4.1. Multi-Topology Failure Tolerance Architecture
The Polymorphic Network follows the principle of separating control and forwarding to enable centralized network control for implementing global optimization decisions based on the global network view. The data layer can provide more comprehensive and finer-grained network state information to the control layer; meanwhile, its pervasive computing and storage resources also allow us to perform more complex packet processing and storage operations, and offload part of the control logic to switch nodes for fast distributed control.
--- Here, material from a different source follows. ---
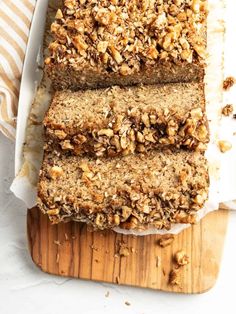 three slices of banana nut bread on a cutting board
As a result, the Polymorphic Network provides the network with greater resilience and offers new ideas for high-reliability routing in future complex and dynamic network environments.
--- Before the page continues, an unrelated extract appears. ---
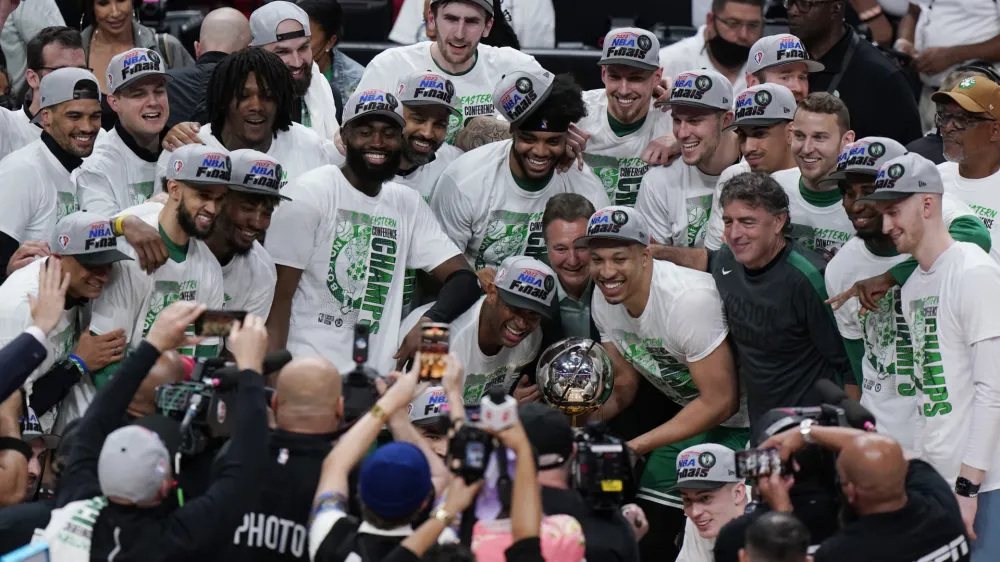 The Boston Celtics pose with the NBA Eastern Conference trophy after defeating the Miami Heat in Game 7 of the NBA basketball Eastern Conference finals playoff series, Sunday, May 29, 2022, in Miami. (AP Photo/Wilfredo Lee)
The multi-topology failure recovery for Polymorphic Network is shown in
Figure 3. By utilizing the fully programmable data layer and diverse routing capabilities in Polymorphic Network, we implement the collaboration of the control layer and data layer to achieve global control, granular state awareness, and distributed control capabilities to improve the overall service performance of the network. Specifically, the MFT-PN constructs multiple logical topologies and implements the fast-rerouting design to allow network devices to maintain multiple topologies instead of relying on a single topology for routing calculations. Even if one topology encounters issues, others will still function. Specifically, in the control layer, the MFT-PN generates multiple logical topologies based on the reliability requirements of diverse scenarios; each topology can have different routing strategies to provide different levels of failure recovery strategies for different business scenarios. In the data layer, we design the failure processing logic to implement failure recovery at any network element to minimize packet loss, thus greatly enhancing the robustness of the network. Through this approach, the MFT-PN significantly improves the protection coverage of traditional failure recovery technologies and is suitable for network environments that require high availability and low latency.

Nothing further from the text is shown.